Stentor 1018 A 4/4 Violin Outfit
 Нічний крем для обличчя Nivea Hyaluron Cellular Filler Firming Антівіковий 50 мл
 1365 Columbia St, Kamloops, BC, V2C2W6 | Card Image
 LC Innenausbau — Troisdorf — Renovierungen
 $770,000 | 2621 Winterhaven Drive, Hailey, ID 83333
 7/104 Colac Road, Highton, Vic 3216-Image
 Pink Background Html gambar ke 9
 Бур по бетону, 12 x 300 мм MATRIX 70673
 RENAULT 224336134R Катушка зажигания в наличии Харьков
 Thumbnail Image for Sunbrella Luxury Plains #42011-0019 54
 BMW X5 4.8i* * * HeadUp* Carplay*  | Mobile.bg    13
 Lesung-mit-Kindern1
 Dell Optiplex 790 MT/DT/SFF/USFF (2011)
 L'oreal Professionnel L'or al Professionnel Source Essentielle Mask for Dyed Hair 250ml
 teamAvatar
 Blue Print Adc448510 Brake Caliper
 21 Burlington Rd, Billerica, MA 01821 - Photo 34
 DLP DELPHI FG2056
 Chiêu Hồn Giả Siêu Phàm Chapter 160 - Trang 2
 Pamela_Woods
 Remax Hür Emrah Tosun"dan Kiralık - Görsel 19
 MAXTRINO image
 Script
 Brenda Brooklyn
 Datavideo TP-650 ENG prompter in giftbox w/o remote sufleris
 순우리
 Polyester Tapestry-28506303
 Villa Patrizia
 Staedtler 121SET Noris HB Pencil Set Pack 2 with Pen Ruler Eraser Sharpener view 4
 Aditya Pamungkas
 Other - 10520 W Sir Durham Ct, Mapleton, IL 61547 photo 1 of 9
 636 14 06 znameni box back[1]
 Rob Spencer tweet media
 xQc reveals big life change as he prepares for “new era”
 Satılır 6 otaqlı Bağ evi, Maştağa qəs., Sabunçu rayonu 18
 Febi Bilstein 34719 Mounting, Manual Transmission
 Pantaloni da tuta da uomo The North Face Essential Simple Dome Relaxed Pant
-=-=-
• YOUR TASK:
Quote exactly the first line of the data and every line after it through the one holding "Hailey, ID 83333".

• TASK RESPONSE:
Stentor 1018 A 4/4 Violin Outfit
 Нічний крем для обличчя Nivea Hyaluron Cellular Filler Firming Антівіковий 50 мл
 1365 Columbia St, Kamloops, BC, V2C2W6 | Card Image
 LC Innenausbau — Troisdorf — Renovierungen
 $770,000 | 2621 Winterhaven Drive, Hailey, ID 83333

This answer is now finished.